* _Your objective_: Copy, exactly and without additions, every line in the records below from the one holding "Slide: The Image" through the one holding "A luxurious, custom-crafted", both ends included.

* _Given records_:

• • •

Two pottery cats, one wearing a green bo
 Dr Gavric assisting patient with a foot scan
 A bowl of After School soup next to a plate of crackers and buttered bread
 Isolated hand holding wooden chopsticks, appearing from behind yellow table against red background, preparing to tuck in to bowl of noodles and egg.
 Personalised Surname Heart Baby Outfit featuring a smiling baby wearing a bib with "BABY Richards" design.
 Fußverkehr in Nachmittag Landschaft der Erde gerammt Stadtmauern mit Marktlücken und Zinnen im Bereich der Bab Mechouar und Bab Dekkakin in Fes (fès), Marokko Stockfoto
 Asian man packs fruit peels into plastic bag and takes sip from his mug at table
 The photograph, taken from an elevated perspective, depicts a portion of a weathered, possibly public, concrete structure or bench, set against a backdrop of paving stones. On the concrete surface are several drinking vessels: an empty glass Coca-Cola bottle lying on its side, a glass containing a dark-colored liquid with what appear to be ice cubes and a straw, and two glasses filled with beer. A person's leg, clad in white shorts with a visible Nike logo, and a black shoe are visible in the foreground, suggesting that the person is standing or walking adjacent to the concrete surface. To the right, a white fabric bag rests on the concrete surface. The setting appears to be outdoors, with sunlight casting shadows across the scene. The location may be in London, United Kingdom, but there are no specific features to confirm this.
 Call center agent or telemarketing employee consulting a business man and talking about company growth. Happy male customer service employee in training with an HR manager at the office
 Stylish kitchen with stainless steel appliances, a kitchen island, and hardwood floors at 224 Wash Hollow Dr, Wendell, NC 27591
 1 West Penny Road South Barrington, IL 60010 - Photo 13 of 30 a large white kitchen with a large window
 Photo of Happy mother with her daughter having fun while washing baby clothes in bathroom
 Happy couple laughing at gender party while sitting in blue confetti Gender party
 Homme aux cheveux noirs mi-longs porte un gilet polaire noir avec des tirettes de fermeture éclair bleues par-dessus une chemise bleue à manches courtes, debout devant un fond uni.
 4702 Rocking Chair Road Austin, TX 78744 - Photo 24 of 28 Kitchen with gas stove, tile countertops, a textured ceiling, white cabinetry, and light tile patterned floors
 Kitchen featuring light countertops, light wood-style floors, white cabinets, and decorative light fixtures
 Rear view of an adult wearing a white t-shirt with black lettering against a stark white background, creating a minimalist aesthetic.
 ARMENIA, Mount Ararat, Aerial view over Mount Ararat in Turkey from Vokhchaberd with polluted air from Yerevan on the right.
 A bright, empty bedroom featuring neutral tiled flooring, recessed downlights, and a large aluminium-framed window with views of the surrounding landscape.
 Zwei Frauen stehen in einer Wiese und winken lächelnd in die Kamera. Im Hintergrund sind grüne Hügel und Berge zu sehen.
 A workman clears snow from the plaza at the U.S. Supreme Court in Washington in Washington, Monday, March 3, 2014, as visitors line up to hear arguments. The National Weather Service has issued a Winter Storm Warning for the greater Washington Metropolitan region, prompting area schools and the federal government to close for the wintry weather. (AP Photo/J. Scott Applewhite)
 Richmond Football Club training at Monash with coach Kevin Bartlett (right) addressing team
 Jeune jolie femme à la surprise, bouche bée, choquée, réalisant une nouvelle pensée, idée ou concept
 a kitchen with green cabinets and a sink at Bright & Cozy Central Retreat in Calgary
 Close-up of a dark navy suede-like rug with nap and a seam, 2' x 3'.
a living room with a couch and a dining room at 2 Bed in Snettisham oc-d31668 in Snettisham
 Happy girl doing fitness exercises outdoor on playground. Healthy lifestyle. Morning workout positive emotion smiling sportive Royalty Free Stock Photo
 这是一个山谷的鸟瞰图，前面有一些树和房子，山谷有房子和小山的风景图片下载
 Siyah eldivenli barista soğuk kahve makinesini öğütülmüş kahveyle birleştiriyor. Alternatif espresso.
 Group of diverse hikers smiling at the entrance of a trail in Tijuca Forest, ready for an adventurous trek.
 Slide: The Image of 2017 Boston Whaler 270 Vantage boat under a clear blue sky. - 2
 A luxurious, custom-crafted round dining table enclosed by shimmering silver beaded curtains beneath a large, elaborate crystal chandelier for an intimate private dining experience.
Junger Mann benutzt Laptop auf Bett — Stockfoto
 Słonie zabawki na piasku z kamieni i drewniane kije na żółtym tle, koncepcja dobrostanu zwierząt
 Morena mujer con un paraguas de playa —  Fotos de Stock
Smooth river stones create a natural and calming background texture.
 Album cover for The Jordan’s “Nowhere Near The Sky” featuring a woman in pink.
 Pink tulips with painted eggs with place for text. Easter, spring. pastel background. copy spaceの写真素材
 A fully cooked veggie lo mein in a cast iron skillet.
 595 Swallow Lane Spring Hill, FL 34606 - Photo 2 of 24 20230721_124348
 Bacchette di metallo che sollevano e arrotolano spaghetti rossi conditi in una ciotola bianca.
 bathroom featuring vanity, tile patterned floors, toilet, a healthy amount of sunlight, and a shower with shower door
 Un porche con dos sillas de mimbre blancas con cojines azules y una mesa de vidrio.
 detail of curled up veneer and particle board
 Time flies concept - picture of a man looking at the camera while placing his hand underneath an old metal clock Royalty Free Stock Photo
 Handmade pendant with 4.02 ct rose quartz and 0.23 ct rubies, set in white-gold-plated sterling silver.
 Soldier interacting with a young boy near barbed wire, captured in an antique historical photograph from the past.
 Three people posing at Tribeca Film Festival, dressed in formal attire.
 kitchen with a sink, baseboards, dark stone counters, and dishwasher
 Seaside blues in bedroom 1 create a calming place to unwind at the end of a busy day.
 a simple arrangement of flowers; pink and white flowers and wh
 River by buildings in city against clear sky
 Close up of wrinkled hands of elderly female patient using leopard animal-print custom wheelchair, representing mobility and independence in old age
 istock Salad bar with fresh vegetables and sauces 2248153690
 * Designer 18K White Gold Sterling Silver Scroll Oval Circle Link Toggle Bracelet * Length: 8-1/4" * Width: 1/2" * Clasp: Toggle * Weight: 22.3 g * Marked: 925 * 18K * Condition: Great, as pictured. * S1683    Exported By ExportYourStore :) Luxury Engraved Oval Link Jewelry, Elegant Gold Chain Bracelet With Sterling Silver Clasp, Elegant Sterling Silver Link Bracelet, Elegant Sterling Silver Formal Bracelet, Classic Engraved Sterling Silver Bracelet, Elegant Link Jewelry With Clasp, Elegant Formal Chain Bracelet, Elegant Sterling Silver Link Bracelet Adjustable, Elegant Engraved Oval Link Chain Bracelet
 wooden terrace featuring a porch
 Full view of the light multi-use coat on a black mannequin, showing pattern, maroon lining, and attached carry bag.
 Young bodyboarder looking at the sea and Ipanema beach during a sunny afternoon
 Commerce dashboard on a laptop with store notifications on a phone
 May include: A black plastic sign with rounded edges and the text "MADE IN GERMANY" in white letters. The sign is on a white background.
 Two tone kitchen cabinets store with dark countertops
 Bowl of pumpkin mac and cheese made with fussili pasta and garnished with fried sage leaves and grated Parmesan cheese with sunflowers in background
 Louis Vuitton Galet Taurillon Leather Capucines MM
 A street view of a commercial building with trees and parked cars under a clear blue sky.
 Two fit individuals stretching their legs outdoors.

• • •

* _The completed task_:
 Slide: The Image of 2017 Boston Whaler 270 Vantage boat under a clear blue sky. - 2
 A luxurious, custom-crafted round dining table enclosed by shimmering silver beaded curtains beneath a large, elaborate crystal chandelier for an intimate private dining experience.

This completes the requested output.